PG&E Seeks Roughly $7 Billion Federal Loan to Reduce California Wildfire Risk

PG&E has applied for a roughly $7 billion federal loan to fund its ambitious plans to reduce California wildfire risk by burying power lines and upgrading the electric grid, company executives said.

Source: WSJ | Published on June 29, 2023

Strengthening US power grid

PG&E has applied for a roughly $7 billion federal loan to fund its ambitious plans to reduce California wildfire risk by burying power lines and upgrading the electric grid, company executives said.

The California utility was invited to apply for funding from the Energy Department’s Loan Programs Office, which finances critical energy projects tied to the shift away from fossil fuels. If approved, that amount would rank among the largest-ever loans for the office. It recently committed a record $9.2 billion to a Ford Motor joint venture making electric-car batteries. A General Motors battery venture struck a deal with the office last year for a $2.5 billion loan.

PG&E hopes to use the loan to help fund the burial of 10,000 miles of power lines in regions at high risk of fire, Chief Executive Patti Poppe said in an interview. Other potential uses include replacing overloaded transmission conductors that carry power and upgrading substations.

Last year’s climate law increased the loan office’s lending capacity roughly 10-fold to about $400 billion and created a new category of loans for upgrading energy infrastructure.

The funding would be a boon for Oakland, Calif.-based PG&E, which faces challenges raising money from Wall Street after a complex bankruptcy restructuring. The company is preparing for a surge in electricity demand driven by the state’s shift to electric vehicles.

“The entire grid has to be electrification-ready and EV-ready,” Poppe said, adding that the Loan Programs Office “would be backing our ability to pay for it and allowing us to make these infrastructure investments at the lowest cost to customers.”

She estimated that for every $1 billion of federal loans approved, PG&E could save roughly $20 million because the loans are typically tied to long-term Treasury yields.
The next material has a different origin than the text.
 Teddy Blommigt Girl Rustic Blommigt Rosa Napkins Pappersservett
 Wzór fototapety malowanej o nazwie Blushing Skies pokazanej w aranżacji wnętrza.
The yield on the benchmark 10-year U.S. Treasury note sits at about 3.7%. Investors charge more than 6% from companies such as PG&E, which exited bankruptcy in 2020 without an investment-grade credit rating.

The company’s capital-spending plan proposes some $50 billion in investments in the five years from 2022 through 2026, with other investments planned for later years. The loan funding would go toward planned projects awaiting state and federal regulatory approval.

PG&E for years has struggled to reduce fire risk throughout its 70,000-square-mile service territory. The company’s power lines sparked more than 20 major wildfires in recent years, including the 2018 Camp Fire that killed 84 people and destroyed the town of Paradise, Calif. The company pleaded guilty to involuntary-manslaughter charges for its role in igniting it.

The company has lately focused on burying power lines as a way to reduce fire risk. It had proposed burying 3,300 miles of lines between 2023 and 2026, but late last year reduced that figure to 2,100 miles to reduce costs to customers.

The loan office could take months to review PG&E’s loan. There is no guarantee the company will receive any funding or the full amount it is asking for. Companies that get approved typically have to meet certain conditions before actually receiving the funding, a step designed to protect taxpayers.

As one of the nation’s largest and most important utilities given its presence in California, PG&E is the type of company that the loan office has been trying to work with under director Jigar Shah, a former solar entrepreneur who argues that technology and grid upgrades can drastically reduce the cost of the energy transition for consumers.

Poppe said the company could potentially use some of the loan funding to help prepare the grid for newer technologies that help manage electricity demand.

A deal with PG&E could trigger criticism from skeptics including Republicans in Congress who argue that the Loan Programs Office is overstepping by lending out large sums to the private sector. If projects flop, the failures could leave taxpayers holding the bag.

Shah has said that the government needs to accelerate large-scale infrastructure projects critical to fighting climate change because Wall Street is often too slow to act or demands onerous terms from companies.

Before Shah took over, the bulk of the office’s loans over the previous decade went to utilities building the Vogtle Electric Generating Plant, a nuclear project opening in Georgia.

A loan office spokeswoman said the office can’t comment on specific applications.